The 22-page guide is intended as an aid to taxpayers and tax preparers during the 2018 tax-filing season– the first filing season in which the new tax break applies. To view the guide, use either of these links:https://go.usa.gov/xn3v4 or http://www.tax.ri.gov/notice/.

The new modification – which reduces federal adjusted gross income for Rhode Island tax purposes – was authorized under legislation approved by the Rhode Island General Assembly and signed into law by Rhode Island Governor Gina M. Raimondo on June 24, 2016. It applies for tax years beginning on or after Jan. 1, 2017.

Assuming a taxpayer meets the rules involving eligibility, up to $15,000 of the person’s federally taxable income from 401(k) plans, 403(b) plans, military retirement pay, private-sector pensions, government pensions, annuities, and other such sources will escape Rhode Island personal income tax.

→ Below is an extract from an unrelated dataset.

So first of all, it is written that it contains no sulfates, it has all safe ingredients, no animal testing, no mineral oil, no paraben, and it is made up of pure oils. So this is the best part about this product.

The tax break applies on a per-person basis, so for a married couple filing a joint return, up to $15,000 per spouse could

escape Rhode Island tax, for a combined total of up to $30,000.

Assuming a Rhode Island tax rate of 3.75 percent, the break could generate Rhode Island personal income tax savings of up to approximately $563 for someone who is single, or up to $1,125 for a married couple filing a joint Rhode Island return.